Of course, this is an ever-evolving process. Just because you define yourself now doesn’t mean this is all you will ever be; but it’s important to have a strong foundation upon which to build. Brainstorm. Ask yourself, who am I right now? What makes me who am I at this moment in time? This isn’t about the individual projects that you have been involved in, or the latest publication you are working on – whilst these things all contribute to identity, in this exercise they are superfluous. Strip yourself right back and take a good look at your core self.
#2. Know how you want to be perceived: think branding
The next step is to know how you want to be defined by others, and exactly how you want colleagues, friends, professionals, future employers to see you. Essentially this is about branding yourself.
Here are a pointers to help you along:
- Remember that on LinkedIn your professional headline does not need to be your job title. Personally, I have chosen to identify myself as a Digital Marketer, Creative and Thinker. This works for me and is how I want people to see me right now, at this point in time.
- Quality is everything. Choose a strong professional headshot/a good quality, high res image that shows you in your best light. If using for professional channel such as LinkedIn, don’t use a photo of you sitting in your kitchen, or having a good night out! The same principle goes for all other photos/images: quality, quality, quality.
- Make sure that all associated publicly available content reflects the image that you want people to have of you. We’ve all got that dodgy photo of ourselves in a slightly worse than wear condition, but do you want the world to see it? Probably not. Make sure you have all of your privacy settings set accordingly!
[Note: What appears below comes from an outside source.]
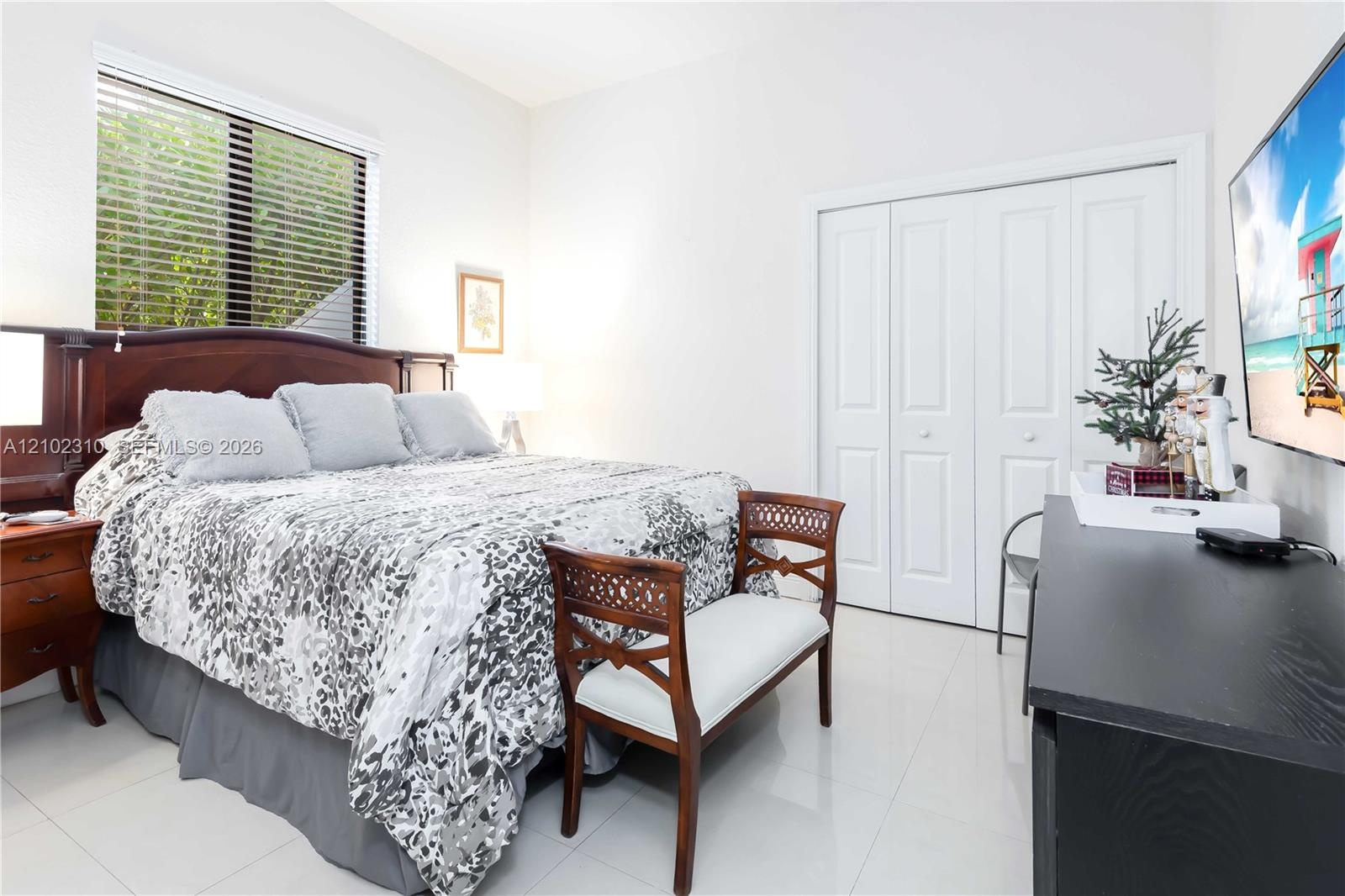 Bedroom featuring large-format tile flooring, multi-panel window with horizontal blinds, and bi-fold closet doors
- Consistency is key. If you want people to have a clear image of you & find you easily online, use similar images, key words etc. That way whether people find you on Twitter, LinkedIn, Instagram or your blog, they’ll know who you are at first sight.
#3. Understand the channel and know why you’re there
There is absolutely no point in opening accounts for the sake of it. If you’re going to be on Twitter, find out what it is, how it works, and think strategically about how it could benefit you. Think about which channels might be more beneficial. If you’re a photographer or the owner of a hair salon for example, Instagram would be a must. If you’re an academic, you might prefer Twitter. To help you get started, here are a few key things to note:
- Once you’ve got your nice profile photos and cover pics sorted, take a look at your profile descriptions. Remember what you decided re. your product and branding & choose carefully what you’re going to tweet/post/blog about (I would say no more than three related topics) and use your description to clearly tell the world. Feel free to add personality – people want to know that you’re a real human being, but keep it short and concise.
- Cross link if you have other relevant channels!
- Start building an engaged network: once you’ve decided what you’ll be shouting about, start searching for other people who are interested in the same thing. Where possible, use hashtags to draw them in. Beware of bots and make sure to do a clear out every now and again – check who’s still following you and if they’re not providing you with interesting/relevant content, knock them off the list. Don’t be afraid to engage with others and give opinions.
- Post regularly and keep your account active otherwise you’ll soon find your followers are dropping like flies.
- Be selective. Do you really need your entire CV listed on LinkedIn? If you tweet about 50 different topics will people understand what you’re about? Again, think about those public FB photos. Who are you networking with? Do you need 500+ connections on LinkedIn?
- Know where the line is: having opinions is a good thing, but understand that what you say on social media is public and so it’s important to know the boundaries. If you’re ever concerned about your relationship with your employer, one easy option is to put ‘Views own’ on your profile description – easy peasy.
- Don’t despair if at first you feel like you’re shouting into a giant black hole. Building your network takes time as does getting a feel for each channel and the type of content that works.